In order to reduce the impact of sample homology bias, we collected data from the study in two stages. Survey 1, was designed to record employees’ gender, age, education, tenure, along with their perceptions of their direct supervisor’s narcissism, their own emotional exhaustion and attachment style. Survey 2 was designed to measure employees’ time theft. Survey 1 was completed by the subordinates on August 1, 2017 and Survey 2 was completed 1 month later, we chose to use a short period of time for this result because we felt that it would be less likely for employees to recall the amount of time theft they had committed during an extensive historical period (Pearson et al., 1991). For data collection, each survey form was numbered. Once training of the investigators was completed with the assistance of the enterprise leader, questionnaires were issued. We sent out 300 questionnaires, recovery of valid questionnaires 214, recovery 71.3%. In the survey sample, respondents under 25 years of age accounted for 25.24%, respondents aged 25–29 accounted for 59.81%, respondents aged 30–34 accounted for 12.62%, respondents aged 35–39 accounted for 1.4%, respondents aged 40 or above accounted for 0.93%. The age of respondents was 28.56 years (SD = 0.72) and 35.05% were women. Education level in high school and below the respondents accounted for 5.14%, college accounted for 8.41%, undergraduate accounted for 77.57%, Master’s degree and above accounted for 8.88%. Respondents with <1 year tenure accounted for 31.30%, with 1–3 years accounted for 26.64%, with 3–5 years accounted for 24.77%, with 6–10 years accounted for 14.95%, and over 10 years accounted for 2.34%.
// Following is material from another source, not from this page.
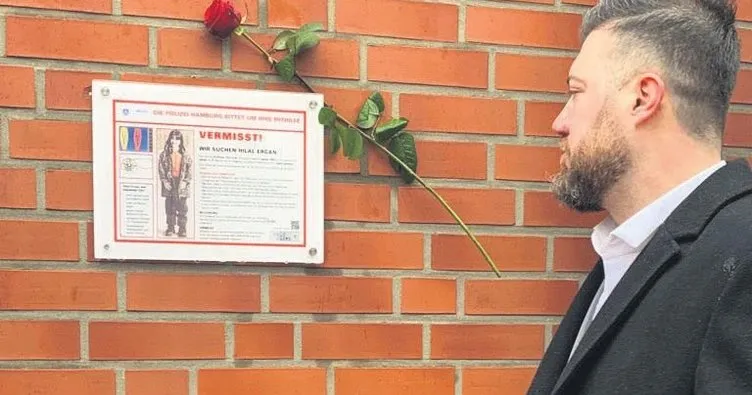 Artık polise güvenmiyoruz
Supervisor narcissism was measured using the scale developed by Hochwarter and Thompson (2012), which is based on certain personality traits identified, following leadership research. There are six measurement items, each rated on a 5-point scale ranging from 1 (strongly disagree) to 5 (strongly agree) such as “My leader is a very self-centered person.” In this study, the Cronbach’s alpha was set at 0.90.
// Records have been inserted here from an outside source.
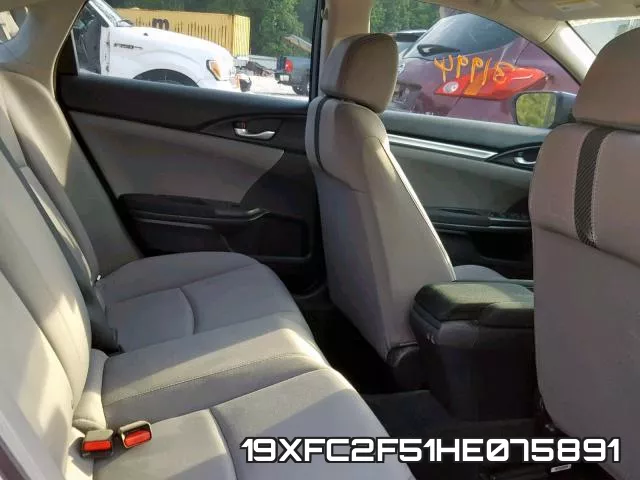 19XFC2F51HE075891_6.webp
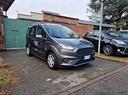 ford-tourneo-courier-1-0-100cv-33-500-km-bluet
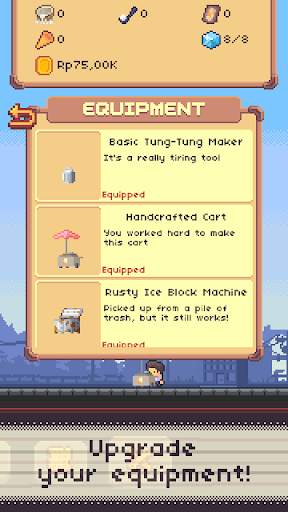 Tung-Tung Tycoon screenshot 5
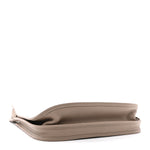 Taurillon Clemence Evelyne III PM Gris Tourterelle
Employee Emotional Exhaustion
We measured emotional exhaustion using the scale developed by Maslach and Jackson (1981). There were four measurement items, which were rated on a 5-point scale ranging from 1 (strongly disagree) to 5 (strongly agree) such as “I feel exhausted when I’m off duty.” In this study, the Cronbach’s alpha was set at 0.76.
Employee Attachment Style
We used the scale developed by Zhao and Sun (2014) to measure attachment style. The scale contains two dimensions, namely attachment avoidance and attachment anxiety, each with six items. The items were rated on a 5-point scale ranging from 1 (strongly disagree) to 5 (strongly agree), such as attachment avoidance: “I find myself holding back when friends start to want to be close to me,” attachment anxiety: “I feel a bit anxious and upset if I don’t have friends.” In this study, the Cronbach’s alpha was set at 0.86 (attachment avoidance) and 0.83 (attachment anxiety).
Employee Time Theft
We measured time theft using the scale developed by Bennett and Robinson (2000). There were three measurement items, which were rated on a 5-point scale ranging from 1 (never) to 5 (very often) such as “Dealing with personal things at work rather than working for the boss.” In this study, the Cronbach’s alpha was set at 0.78.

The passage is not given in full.